E imaginé su presencia. Y la confundí con esa sombra incapaz de esconderse tras el tronco de un olmo y con esa otra que se vislumbra del otro lado de una cortina. Imaginé a Doisneau vivo de nuevo, con su Rolleiflex de doble objetivo colgada del cuello, agachando su cabeza para realizar el encuadre adecuado y poder captar así esa belleza de lo cotidiano. Y quise acompañarlo, obviando todo aquello que se nos sitúa como ineludible: líneas rectas, semáforos, trajes de diseño, rascacielos de fábrica, parejas de salón, escritores con Nobel. Paseé junto a él Castellana, Recoletos, Gran Vía, Sol, el Madrid de los Austria y el de las letras, el centro y su periferia como lo hubiera hecho cualquier otro lunes en soledad, con la vista al frente, orientada al vacío que la urbe nos enseña a modo de conglomerado inagotable. Y os contaré lo que vi.

Decenas de personas hacían cola frente al edificio de la Fundación Mapfre. La niebla era espesa al caer la noche y los turistas iban pertrechados con guantes, gorros y bufandas. Un gato gris hacía equilibrismo en una de las ramas de la palmera que preside el jardín de acceso, anomalía biogeográfica que tal vez anuncie la excéntrica visión de los pintores fauvistas cuyas obras se exponen en el interior. Doisneau lo tuvo claro a la hora de titular la instantánea: Diversión asegurada.

Camino de Lavapiés, un roble había sido vestido con un traje de luces verdes y rojas para recordarnos que en breves fechas será Navidad. Una pareja de transeúntes admiraba la perfección del acabado de esta indumentaria eléctrica observando en la pantalla de un teléfono el resultado de las fotografías que habían tomado. Doisneau, en cambio, los retrataba a ellos admirado por la ingenuidad que mostraban hacia alarde tecnológico tan trivial. Amor suspenso en electrónica.

Para entrar en el servicio del Bar El Calvario, situado en la calle homónima y sede de un fantástico micro abierto, es necesario aproximarse al escenario, girar a la derecha y atravesar una suerte de telón.
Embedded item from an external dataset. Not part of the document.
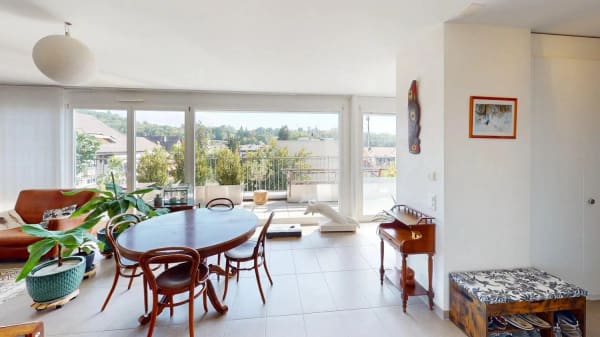 Immobilie in La Plaine - Attic 3.5 rooms with large terrace and Léman Express two minutes away! - Bild 1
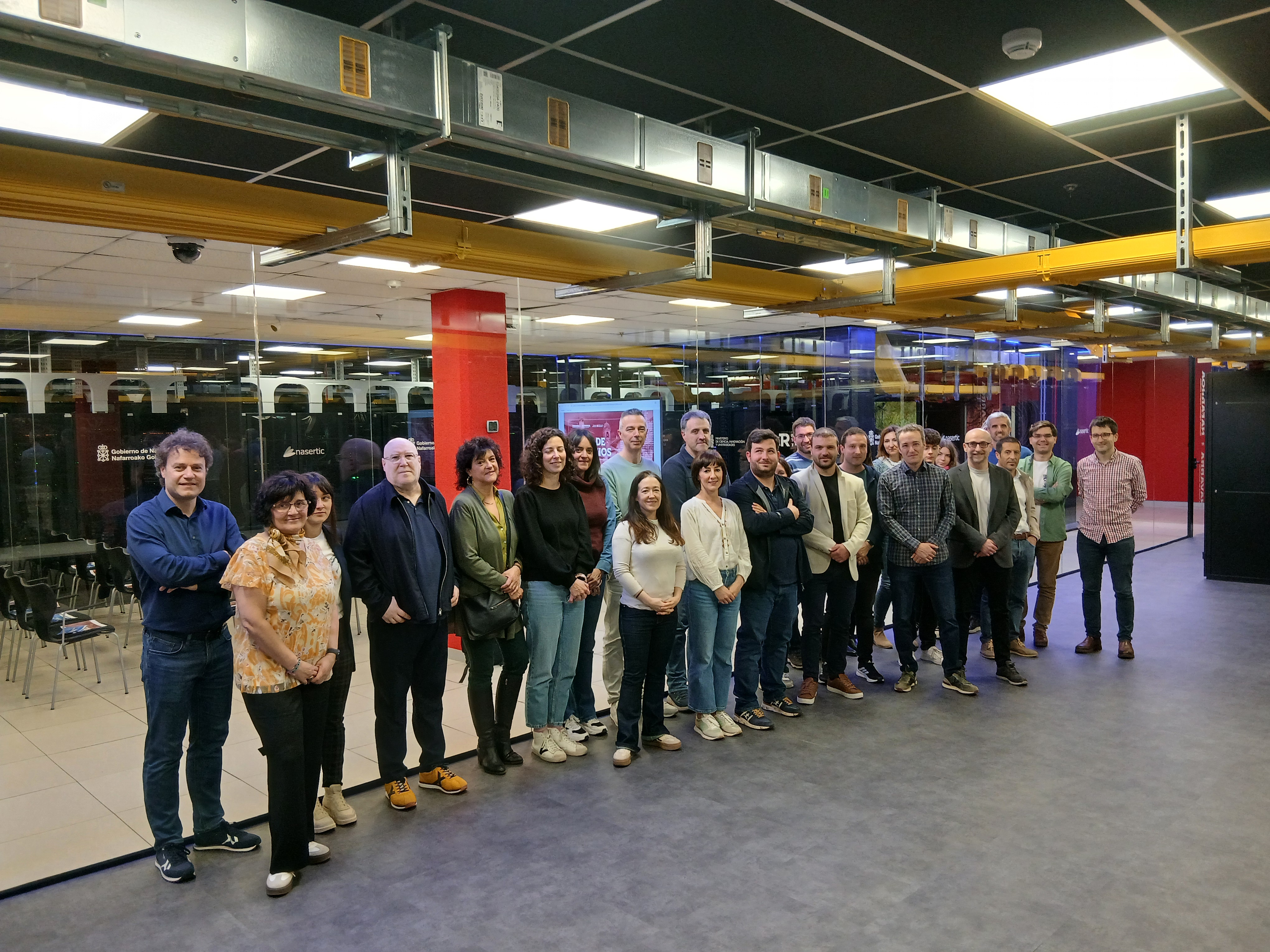Visita de representantes locales al CPD del Gobierno de Navarra, encabezada por Txerra García de Eulate y Luis Campos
En el backstage todo está limpio y ordenado, pero uno no está del todo seguro de que la función pueda empezar con él dentro, o de que se descorran las cortinas y él pase a ser el protagonista inesperado de la misma. En ello quiso encontrar Robert sentido al nombre del lugar cuando me sorprendió abandonándolo con cierta premura, aliviado al comprobar que nadie había incomodado mi micción y que mi presencia no interrumpía ninguna canción o recitado. Via Crucis, decimoquinta estación.

A lo largo de la circunferencia que bordea la estatua de la diosa frigia Cibeles, símbolo del madridismo victorioso, muchos vendedores ofertan palos selfies: los venden o simplemente los prestan para que los visitantes puedan autorretratarse. Aunque ni Robert ni yo estábamos seguros de ello, pensamos que cada mañana luchan por situarse en la prolongación del perfil que más favorece a la estatua. Todos salvo uno, situado en su espalda, donde solo es posible observar el borde posterior de la corona y las ruedas traseras del carro. Se buscan aficionados del Barça.

Frente al ayuntamiento, un hombre de nariz prominente, vestido con gabardina y con el cuello apenas cubierto por una bufanda mal asida, toma del hombro a una mujer de pelo negro y rizado, cuyo brazo cae desplomado por el impacto de un beso que, sin embargo, no detiene el flujo de circulación en el asfalto, el ir y venir de paseantes ni el sorbo de café de un viajero que consume el tiempo que le queda para tomar el tren observando fotografías de Doisneau, soñando con su compañía y tomando notas para este relato. Beso en la plaza del Hotel de Ville (1950).